2/24/2008 95% water change (planted new plants) checked water paramters 
2/25/2008 Started cycling with fish. (added 10 small fish)

I stuffed the tank with all the plants we could fit in. All fast growing (as I could find).
Here is the tank after a 90% w/c w/new plants.
http://i267.photobucket.com/albums/ii288/manwithnofish/IMG_0184.jpg


----------



## lochness (Jan 10, 2006)

looks much better and welcome to the hobby and FF and congratz on a 70gallon! 

after the 4-7 weeks of the cycle, what fish do you slowly plan to stock it with and what's in it now?


----------



## TheOldSalt (Jan 28, 2005)

Eco-complete substrate, and yet you're still trying to cycle the tank with ammonia?
Well, there's your problem. Eco-complete is pretty much the freshwater answer to livesand. It's already almost cycled once the dust settles. Close enough, anyway, after the obvious mini-cycle from the moving.

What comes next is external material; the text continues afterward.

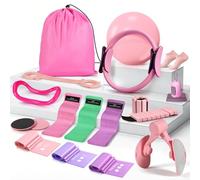 Pilates Kit for Women,17PCS Home Pilate Equipment Essentials, 12.6" Pilates Ring Ball Set with Resistance Bands, Ankle Weights, Sliders,Thigh Trainer, Yoga Strap,Socks Accessories for Home Workout
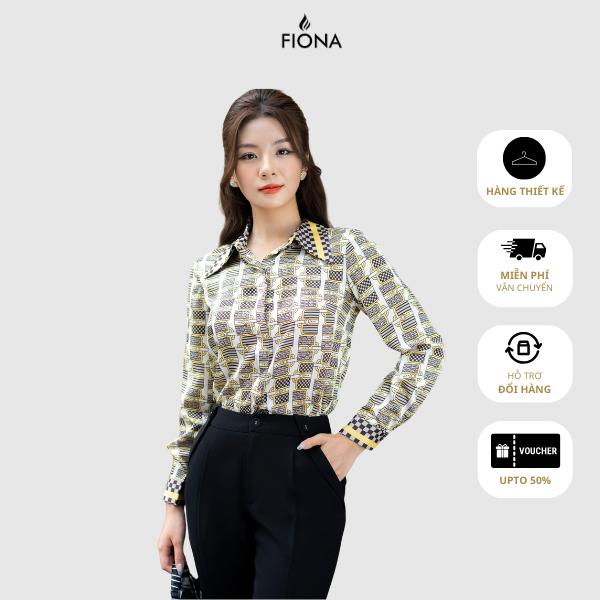FIONA Áo sơ mi nữ dáng suông classic, họa tiết hoa vải lụa, cổ và măng séc họa tiết ô vuông F552679 Women Top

Stop adding ammonia. Once you have nitrate, you don't need it anyway, and with all those plants, you're not going to get much more. Most plants eat ammonia directly, replacing the need for bacteria, and putting the brakes on the traditional cycle to an extent. The ammonia you add isn't helping anymore, and is in fact hurting. Just leave things alone for a week and see what happens.
Oh, and return your lights to normal. The algae may surge for a short while, but it will disappear soon enough once the plants get a foothold and get to work.


----------



## Manwithnofish (Jan 28, 2008)

> what fish do you slowly plan to stock it with and what's in it now?


Well I started with 5 Danios, 3 Otos, 1 Ruby Shark & 1 Flying Fox.
I then added a Clown Pleco & about 5 more Otos and a bunch of Ghost Shrimp. We have 6 Black Mollies in a separate 10 gal tank that we will add later. My wife's in charge of the fish, I have no fish. :console: 



> Eco-complete substrate, and yet you're still trying to cycle the tank with ammonia?
> Well, there's your problem. Eco-complete is pretty much the freshwater answer to livesand.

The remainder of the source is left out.